Auch auf der Gegengeraden waren die großen Fahnen sichtbar. Eine riesige Totenkopfflagge wurde mir mehr oder weniger gegenüber und eine weitere in Höhe des Übergangs zur Südtribüne geschenkt.

Ich will unsere Fans jetzt nicht auf die Fahnen reduzieren, rein optisch war dies aber am gestrigen Tage schon auffällig. Insgesamt war die Stimmung so gut wie eh und je und auch bei der sich abzeichnenden Niederlage wurde die Mannschaft nach vorne gepeitscht und nach dem Abpfiff inbrünstig YNWA gesungen. Es gingen nur einige wenige Einzelne vor oder kurz nach dem Abpfiff. Der Rest des Publikums feierte die Mannschaft, nicht nur für ihren heutigen Einsatz, sondern wohl auch insgesamt für die Leistung in dieser Englischen Woche. So eine Niederlage gegen den BVB ist ja auch kein Beinbruch oder gar eine Blamage. Ein anderes Ergebnis wäre eher schon fast eine Sensation gewesen. Eine Ausgangslage, die in dieser Siason noch des öfteren auf uns zukommen wird.

Friedlich fröhliche Wechselgesänge im ganzen Stadion, dazu auch ein paar vom Derby wohl noch übrig gebliebene Klopapierrollen für das Tor hinter der Südtribüne – und wieder Fahnen, Fahnen, Fahnen. Für das Auge war das wie gesagt weniger bombastisch, dafür aber erneut eine herrliche Stimmung. Millerntor eben. Ein Genuß – auch bei einer Niederlage. Die BVB Fans, mit denen ich sprach, waren von der Athmosphäre und auch von der bedingungs- und nicht ergebnisorientierten Unterstützung begeistert. Die kennen das in Dortmund offensichtlich gar nicht, daß kaum jemand bei einer Niederlage bis zum Schluß und darüber hinaus zum Feiern der Mannschaft im Stadion bleibt.

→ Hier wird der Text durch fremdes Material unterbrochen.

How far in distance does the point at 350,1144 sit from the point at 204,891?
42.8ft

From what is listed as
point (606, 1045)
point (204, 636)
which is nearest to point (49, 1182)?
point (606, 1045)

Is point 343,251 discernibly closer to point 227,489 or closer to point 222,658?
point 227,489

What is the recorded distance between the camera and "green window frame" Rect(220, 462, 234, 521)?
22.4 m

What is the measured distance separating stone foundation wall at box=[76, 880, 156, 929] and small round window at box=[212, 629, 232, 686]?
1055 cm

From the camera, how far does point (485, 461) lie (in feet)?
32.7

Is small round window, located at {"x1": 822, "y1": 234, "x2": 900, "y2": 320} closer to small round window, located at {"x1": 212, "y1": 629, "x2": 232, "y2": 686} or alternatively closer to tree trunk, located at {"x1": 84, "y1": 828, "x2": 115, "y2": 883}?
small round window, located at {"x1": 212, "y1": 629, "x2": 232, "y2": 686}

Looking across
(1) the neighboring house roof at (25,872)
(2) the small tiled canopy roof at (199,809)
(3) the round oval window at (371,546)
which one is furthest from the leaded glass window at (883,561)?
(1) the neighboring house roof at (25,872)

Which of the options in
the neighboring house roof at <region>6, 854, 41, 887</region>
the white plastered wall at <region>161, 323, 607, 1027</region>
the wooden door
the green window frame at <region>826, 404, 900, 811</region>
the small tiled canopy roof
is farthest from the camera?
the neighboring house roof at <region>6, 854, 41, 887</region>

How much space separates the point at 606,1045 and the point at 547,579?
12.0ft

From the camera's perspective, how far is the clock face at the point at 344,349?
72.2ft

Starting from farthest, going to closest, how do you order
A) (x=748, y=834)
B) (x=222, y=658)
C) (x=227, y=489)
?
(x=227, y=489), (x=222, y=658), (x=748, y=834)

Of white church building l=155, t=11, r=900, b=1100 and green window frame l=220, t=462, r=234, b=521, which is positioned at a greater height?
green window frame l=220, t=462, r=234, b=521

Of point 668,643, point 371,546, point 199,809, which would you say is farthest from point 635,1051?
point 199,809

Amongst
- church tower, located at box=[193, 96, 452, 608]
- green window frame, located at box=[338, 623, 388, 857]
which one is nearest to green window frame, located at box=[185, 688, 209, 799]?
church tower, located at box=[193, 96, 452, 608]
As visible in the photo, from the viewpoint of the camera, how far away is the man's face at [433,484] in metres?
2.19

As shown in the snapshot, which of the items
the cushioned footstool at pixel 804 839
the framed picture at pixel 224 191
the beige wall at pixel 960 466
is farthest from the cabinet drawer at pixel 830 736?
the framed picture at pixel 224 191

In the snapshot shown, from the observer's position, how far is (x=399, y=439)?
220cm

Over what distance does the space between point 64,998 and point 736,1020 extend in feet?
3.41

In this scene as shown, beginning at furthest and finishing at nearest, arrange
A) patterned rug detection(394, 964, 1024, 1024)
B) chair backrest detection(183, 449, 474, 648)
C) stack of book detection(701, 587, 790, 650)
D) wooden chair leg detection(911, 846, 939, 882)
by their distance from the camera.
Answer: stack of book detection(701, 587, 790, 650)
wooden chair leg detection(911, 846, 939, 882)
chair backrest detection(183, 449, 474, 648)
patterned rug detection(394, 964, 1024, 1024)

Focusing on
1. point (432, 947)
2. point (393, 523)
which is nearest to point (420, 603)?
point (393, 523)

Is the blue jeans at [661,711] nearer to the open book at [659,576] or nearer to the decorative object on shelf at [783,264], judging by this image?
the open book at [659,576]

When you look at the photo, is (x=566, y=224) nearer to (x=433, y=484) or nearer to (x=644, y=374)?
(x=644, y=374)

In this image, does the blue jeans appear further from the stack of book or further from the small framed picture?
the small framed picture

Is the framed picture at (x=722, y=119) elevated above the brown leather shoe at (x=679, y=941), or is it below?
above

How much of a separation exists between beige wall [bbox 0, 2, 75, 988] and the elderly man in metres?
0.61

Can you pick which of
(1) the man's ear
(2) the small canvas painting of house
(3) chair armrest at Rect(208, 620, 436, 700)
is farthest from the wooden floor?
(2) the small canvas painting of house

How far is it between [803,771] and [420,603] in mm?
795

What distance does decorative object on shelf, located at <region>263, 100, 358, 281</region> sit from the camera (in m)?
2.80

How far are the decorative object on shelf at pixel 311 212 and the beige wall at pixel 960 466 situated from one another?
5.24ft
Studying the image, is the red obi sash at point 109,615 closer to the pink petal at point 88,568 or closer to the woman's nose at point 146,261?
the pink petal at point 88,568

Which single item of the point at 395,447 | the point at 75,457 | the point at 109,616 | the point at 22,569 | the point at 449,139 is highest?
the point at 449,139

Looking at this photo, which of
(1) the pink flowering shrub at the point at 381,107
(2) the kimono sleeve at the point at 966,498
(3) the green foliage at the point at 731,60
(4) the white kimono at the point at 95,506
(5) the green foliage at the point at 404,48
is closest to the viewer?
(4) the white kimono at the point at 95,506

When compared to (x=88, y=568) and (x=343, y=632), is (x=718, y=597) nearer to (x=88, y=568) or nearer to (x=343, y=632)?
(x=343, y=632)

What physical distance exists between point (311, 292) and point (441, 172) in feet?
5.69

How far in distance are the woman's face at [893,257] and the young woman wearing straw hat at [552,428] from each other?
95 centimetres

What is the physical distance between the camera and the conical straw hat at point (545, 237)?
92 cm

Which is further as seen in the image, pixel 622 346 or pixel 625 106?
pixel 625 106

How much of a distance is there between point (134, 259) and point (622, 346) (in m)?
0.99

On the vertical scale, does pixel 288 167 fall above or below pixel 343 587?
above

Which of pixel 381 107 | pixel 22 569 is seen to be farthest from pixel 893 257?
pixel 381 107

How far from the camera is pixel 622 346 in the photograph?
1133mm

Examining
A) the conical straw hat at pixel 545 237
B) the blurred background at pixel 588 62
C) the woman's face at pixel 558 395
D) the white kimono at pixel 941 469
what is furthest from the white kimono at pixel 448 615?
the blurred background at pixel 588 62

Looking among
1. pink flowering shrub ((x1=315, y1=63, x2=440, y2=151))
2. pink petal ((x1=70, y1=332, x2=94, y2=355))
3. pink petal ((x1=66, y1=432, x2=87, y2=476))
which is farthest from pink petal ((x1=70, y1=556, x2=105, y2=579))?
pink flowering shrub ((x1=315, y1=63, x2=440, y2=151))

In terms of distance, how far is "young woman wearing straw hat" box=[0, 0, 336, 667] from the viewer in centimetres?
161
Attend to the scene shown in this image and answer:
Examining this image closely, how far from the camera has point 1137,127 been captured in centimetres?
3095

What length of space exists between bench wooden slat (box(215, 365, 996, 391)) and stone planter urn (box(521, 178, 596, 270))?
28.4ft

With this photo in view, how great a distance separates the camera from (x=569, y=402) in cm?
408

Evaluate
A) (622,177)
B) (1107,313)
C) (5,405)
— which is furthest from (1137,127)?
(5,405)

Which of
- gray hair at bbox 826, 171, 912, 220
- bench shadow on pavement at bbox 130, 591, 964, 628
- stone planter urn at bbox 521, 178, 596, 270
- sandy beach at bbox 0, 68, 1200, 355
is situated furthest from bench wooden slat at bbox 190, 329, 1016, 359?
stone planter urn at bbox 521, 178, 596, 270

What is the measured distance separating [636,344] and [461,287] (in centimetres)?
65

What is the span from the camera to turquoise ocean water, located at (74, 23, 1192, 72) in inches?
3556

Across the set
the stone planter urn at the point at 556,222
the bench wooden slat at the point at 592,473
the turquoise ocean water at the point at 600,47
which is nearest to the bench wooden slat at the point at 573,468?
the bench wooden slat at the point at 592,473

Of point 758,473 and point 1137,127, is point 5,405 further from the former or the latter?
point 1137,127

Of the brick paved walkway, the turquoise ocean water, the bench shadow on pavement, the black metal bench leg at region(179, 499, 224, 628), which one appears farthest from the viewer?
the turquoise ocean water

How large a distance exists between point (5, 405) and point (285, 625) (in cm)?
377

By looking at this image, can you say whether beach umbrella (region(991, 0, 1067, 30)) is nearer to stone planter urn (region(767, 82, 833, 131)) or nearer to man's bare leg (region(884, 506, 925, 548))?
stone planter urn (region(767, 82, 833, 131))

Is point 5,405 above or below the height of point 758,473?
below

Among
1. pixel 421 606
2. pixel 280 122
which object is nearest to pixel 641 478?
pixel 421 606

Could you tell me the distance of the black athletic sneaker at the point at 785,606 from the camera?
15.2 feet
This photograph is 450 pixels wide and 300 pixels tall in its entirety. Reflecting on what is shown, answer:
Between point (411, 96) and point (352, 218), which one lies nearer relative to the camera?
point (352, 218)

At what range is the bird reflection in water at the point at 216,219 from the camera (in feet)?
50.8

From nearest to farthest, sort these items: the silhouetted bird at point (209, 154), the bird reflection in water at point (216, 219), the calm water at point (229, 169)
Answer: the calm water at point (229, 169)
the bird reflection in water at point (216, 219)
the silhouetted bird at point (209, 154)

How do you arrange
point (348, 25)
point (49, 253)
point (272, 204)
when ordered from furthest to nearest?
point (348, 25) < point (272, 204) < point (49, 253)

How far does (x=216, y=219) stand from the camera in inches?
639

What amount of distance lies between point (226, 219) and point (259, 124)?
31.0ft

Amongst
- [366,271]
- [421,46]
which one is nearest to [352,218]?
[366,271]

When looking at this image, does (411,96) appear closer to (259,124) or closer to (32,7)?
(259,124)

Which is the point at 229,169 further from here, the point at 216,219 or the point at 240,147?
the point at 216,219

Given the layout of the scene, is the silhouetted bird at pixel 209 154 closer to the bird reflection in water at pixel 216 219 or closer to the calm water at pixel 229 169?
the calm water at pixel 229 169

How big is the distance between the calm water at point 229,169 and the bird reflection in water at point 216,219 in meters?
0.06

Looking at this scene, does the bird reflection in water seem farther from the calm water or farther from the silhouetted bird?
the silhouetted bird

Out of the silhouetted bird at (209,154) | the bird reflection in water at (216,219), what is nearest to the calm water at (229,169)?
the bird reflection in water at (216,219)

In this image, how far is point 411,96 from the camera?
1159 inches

Allgemein waren das überwiegend angenehme Gäste. Bis auf zwei Dinge, die ich nicht verschweigen will. Zum einen diese unsägliche Pyroaktion zu Beginn des Spiels. Diesmal zog der Rauch zwar glücklicherweise nicht in meine Richtung, aber ich weiß noch gut vom letzten Wochenende, wie unangenehm das Atmen bei diesen Rauchschwaden sein kann. Will am Millerntor niemand sehen. Und auch nicht in den passenden Farben des Gastvereins. Ganz dumme Aktion, mit der sich die Dortmunder wohl am HSV orientieren wollten. Keine gute Idee. Friedlicher Support ist willkommen, Herumzündeln nicht. Da wird unser Verein für diese Dummheit sicherlich auch wieder zur Kasse gebeten werden. Hereingeschmuggelt ist solcher Pyrokram leider nur allzuleicht, wie die Polizei in diversen Artikeln und Interviews schon eingestanden hat – besonders bei der Benutzung von Körperöffnungen ist man als Ordnungsdienst da chancenlos. Und ganz ehrlich – sowas ist doch eklig. Laßt doch den Sch…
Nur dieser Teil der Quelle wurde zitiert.